Section 6.06. MONTHLY ADVANCES. Pursuant to Section 5.03 of the
Servicing Agreements, the Master Servicer shall make Monthly Advances. On the
Business Day prior to each Distribution Date, if a Mortgage Loan is more than 90
days delinquent, the Master Servicer will be obligated to make a Monthly Advance
by deposit into the Certificate Account, except to the extent the Master
Servicer determines any such advance to be nonrecoverable from Liquidation
Proceeds, Insurance Proceeds or from future payments on the Mortgage Loan for
which the advance was made. The Trustee shall be obligated to make such Monthly
Advance on the Distribution Date if the Master Servicer fails to do so. The
Trustee shall be reimbursed for any Monthly Advance in the same manner that the
Master Servicer would be reimbursed for a Monthly Advance.
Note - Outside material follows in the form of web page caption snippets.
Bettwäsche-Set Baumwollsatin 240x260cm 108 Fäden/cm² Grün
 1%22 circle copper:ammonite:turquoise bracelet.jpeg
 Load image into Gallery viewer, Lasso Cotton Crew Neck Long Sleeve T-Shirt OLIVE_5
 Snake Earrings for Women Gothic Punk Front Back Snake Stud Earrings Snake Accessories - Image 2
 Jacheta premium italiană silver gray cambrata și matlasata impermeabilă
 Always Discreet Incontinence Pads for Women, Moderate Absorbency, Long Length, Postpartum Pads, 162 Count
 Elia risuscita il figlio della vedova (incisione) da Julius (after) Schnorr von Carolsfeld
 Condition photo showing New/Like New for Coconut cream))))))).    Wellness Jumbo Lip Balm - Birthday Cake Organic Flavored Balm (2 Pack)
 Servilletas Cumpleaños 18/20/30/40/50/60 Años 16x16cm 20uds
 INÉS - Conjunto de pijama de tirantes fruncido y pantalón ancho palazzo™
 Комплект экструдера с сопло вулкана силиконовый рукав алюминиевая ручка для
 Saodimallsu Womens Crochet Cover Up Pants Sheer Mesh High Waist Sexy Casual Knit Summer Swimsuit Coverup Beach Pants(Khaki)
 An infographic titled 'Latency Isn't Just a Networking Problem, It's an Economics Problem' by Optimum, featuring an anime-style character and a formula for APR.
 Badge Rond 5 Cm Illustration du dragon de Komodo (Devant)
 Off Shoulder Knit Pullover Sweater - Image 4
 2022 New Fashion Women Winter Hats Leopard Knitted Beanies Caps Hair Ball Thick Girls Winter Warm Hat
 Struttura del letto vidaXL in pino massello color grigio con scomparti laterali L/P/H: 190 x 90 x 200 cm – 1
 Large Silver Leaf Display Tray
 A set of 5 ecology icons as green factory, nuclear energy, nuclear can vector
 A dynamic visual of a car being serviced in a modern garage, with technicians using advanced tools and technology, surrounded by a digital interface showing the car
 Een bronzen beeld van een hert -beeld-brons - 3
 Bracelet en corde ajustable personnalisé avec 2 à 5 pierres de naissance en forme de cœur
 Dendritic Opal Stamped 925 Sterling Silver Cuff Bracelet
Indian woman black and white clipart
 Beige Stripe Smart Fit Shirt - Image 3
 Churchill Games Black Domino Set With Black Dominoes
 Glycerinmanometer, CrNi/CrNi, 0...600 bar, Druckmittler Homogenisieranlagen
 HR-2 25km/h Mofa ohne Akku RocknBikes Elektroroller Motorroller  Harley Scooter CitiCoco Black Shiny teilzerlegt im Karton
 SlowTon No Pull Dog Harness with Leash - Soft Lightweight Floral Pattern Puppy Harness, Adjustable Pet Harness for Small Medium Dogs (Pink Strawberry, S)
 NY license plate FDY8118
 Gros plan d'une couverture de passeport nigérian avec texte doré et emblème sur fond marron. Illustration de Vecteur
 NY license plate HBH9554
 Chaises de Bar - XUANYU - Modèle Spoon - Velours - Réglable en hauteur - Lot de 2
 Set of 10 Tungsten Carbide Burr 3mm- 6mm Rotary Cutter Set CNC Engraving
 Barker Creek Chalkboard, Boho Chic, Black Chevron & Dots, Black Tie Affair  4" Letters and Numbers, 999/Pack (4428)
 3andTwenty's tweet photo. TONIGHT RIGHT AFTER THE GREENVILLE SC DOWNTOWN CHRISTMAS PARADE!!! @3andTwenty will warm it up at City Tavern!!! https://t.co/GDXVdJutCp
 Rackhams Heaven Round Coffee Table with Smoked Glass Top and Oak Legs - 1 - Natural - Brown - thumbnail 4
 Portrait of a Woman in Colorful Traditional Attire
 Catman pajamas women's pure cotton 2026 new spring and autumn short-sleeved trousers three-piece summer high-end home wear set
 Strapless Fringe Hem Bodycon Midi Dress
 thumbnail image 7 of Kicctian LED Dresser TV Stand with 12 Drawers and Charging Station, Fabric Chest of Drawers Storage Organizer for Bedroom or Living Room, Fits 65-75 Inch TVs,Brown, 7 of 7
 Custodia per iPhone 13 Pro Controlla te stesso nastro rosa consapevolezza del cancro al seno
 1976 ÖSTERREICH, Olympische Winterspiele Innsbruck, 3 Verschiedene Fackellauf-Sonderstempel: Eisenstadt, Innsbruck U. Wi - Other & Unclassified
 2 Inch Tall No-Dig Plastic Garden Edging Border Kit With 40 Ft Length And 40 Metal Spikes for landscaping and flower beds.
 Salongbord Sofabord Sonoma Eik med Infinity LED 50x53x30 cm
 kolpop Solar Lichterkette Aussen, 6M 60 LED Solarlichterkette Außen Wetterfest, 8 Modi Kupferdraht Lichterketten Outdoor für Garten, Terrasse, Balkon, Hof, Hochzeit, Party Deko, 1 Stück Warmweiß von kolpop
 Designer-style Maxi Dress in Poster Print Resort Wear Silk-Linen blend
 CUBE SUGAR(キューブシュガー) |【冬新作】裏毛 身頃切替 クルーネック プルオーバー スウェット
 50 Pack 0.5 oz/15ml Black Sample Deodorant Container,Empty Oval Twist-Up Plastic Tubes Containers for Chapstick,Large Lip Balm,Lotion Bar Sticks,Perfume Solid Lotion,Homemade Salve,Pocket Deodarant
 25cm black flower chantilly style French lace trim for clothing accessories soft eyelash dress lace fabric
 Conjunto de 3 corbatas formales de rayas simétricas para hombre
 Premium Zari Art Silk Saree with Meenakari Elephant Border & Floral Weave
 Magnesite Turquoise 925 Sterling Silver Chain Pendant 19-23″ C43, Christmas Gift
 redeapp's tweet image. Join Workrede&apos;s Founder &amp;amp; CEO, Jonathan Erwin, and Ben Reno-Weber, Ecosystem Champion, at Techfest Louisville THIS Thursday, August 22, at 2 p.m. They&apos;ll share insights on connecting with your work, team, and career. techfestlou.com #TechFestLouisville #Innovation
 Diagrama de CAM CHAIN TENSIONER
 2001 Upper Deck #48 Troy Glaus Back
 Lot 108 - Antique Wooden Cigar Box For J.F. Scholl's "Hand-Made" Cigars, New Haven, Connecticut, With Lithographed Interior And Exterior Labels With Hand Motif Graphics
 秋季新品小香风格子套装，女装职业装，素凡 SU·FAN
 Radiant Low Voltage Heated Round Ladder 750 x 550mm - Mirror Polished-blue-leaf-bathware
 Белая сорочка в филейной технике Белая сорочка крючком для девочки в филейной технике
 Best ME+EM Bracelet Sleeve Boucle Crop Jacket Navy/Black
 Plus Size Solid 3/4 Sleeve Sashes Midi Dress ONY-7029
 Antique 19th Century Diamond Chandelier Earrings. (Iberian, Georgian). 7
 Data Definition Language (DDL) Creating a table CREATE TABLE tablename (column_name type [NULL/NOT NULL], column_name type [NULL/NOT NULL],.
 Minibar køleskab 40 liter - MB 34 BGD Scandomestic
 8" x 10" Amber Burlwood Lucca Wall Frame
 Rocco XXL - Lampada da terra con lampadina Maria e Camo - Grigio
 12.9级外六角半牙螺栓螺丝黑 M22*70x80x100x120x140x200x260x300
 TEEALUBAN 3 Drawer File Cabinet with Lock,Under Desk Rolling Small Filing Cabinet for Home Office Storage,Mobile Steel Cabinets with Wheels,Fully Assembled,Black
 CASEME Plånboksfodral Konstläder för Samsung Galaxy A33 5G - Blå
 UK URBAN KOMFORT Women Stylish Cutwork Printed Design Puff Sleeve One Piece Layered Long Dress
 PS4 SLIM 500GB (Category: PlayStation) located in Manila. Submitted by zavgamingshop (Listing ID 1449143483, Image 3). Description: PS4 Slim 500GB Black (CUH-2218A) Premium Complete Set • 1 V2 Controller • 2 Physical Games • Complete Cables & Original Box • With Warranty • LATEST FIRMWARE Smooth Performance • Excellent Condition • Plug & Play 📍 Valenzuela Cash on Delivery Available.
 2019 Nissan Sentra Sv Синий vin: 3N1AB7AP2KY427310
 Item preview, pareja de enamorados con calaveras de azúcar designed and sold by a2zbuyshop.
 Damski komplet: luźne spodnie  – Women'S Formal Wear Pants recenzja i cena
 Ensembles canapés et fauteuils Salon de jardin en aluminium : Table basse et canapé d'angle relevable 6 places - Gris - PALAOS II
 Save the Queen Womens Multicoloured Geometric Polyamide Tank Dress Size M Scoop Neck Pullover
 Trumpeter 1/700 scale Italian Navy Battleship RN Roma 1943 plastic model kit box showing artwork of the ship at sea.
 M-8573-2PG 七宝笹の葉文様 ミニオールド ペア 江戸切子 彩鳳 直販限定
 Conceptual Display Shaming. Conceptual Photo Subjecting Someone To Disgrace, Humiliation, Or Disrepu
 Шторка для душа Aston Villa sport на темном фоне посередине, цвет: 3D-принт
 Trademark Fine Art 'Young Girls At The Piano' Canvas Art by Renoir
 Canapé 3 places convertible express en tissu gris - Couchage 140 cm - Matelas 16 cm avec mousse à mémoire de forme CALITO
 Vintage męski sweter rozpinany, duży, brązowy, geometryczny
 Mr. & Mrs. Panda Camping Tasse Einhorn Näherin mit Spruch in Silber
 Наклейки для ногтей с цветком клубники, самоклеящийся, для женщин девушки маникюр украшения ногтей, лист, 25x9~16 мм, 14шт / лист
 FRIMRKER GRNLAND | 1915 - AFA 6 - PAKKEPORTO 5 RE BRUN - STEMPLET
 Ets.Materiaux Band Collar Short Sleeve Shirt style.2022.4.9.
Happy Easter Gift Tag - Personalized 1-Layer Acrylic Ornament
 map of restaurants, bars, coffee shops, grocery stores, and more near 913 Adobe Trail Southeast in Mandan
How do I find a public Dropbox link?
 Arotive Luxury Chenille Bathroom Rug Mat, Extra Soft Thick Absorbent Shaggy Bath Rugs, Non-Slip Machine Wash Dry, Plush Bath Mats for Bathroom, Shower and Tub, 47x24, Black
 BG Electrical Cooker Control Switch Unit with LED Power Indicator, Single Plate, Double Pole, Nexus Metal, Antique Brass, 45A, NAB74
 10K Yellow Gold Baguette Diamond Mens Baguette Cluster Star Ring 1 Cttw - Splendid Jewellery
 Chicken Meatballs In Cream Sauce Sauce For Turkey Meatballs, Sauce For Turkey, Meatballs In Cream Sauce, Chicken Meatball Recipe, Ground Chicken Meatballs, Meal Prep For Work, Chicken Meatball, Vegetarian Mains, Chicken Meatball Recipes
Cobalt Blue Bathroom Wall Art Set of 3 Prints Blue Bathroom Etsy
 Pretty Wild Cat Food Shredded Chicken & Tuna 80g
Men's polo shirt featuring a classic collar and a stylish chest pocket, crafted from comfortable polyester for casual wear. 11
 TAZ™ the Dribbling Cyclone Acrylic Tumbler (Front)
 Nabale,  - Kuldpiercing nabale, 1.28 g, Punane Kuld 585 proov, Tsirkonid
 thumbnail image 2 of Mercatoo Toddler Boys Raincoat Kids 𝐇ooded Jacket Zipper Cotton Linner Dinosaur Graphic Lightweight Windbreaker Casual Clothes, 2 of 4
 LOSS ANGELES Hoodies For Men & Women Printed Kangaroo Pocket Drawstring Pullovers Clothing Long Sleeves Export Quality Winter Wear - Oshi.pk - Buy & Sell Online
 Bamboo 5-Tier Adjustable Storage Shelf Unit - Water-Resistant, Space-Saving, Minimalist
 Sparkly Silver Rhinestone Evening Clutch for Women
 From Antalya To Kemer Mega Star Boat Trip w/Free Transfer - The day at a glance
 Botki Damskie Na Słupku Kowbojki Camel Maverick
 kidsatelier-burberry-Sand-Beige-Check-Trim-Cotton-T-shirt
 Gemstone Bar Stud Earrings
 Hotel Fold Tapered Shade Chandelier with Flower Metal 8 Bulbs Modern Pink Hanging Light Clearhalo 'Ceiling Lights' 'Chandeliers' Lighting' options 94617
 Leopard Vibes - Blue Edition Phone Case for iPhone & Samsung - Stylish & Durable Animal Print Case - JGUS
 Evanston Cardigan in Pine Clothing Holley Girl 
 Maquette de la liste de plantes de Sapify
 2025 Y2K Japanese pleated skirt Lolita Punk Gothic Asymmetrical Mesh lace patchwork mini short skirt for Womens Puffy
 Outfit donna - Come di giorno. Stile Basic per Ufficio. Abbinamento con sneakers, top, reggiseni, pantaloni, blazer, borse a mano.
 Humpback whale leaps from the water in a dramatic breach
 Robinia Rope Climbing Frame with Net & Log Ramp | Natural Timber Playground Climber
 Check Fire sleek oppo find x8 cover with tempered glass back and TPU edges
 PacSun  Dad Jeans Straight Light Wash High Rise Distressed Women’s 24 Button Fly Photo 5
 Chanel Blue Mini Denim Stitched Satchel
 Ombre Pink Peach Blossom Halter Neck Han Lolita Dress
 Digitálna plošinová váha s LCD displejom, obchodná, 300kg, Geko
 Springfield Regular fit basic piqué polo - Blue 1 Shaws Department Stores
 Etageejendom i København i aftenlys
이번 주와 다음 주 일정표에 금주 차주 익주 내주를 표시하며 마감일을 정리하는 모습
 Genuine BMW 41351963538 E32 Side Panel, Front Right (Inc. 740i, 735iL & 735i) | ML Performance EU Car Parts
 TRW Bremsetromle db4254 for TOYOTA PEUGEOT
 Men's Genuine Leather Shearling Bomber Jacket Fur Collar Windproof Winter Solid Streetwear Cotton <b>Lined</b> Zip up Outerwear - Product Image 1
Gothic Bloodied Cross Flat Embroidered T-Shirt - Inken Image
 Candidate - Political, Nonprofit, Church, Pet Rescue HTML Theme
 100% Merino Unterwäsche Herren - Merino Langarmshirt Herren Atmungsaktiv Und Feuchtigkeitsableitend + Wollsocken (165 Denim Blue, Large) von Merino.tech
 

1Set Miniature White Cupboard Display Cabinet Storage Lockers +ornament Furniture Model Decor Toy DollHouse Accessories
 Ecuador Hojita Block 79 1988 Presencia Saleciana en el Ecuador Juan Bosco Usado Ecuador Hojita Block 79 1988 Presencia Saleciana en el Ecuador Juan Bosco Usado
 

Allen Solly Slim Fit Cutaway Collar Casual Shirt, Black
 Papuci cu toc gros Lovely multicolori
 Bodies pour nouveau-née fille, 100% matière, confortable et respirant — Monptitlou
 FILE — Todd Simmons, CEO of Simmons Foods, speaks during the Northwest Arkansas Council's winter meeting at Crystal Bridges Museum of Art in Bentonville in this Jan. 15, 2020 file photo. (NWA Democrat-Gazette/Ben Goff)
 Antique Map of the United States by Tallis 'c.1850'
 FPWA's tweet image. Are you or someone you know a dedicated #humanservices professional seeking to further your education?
Section 6.07. PREPAYMENT CHARGES. For any Mortgage Loan in which a
Prepayment Charge is due, the Trustee will verify that the Master Servicer
remitted an amount with respect to such Prepayment Charge. The Trustee is not
responsible for verifying the correctness of such Prepayment Charge. If the
Master Servicer fails to remit a Prepayment Charge to the Trustee, and the
Trustee notified the Master Servicer that such Prepayment Charge due but not
received and the Master Servicer fails to remit such Prepayment Charge within
four Business Days, the Trustee will promptly provide notice in writing of such
failure to the Seller.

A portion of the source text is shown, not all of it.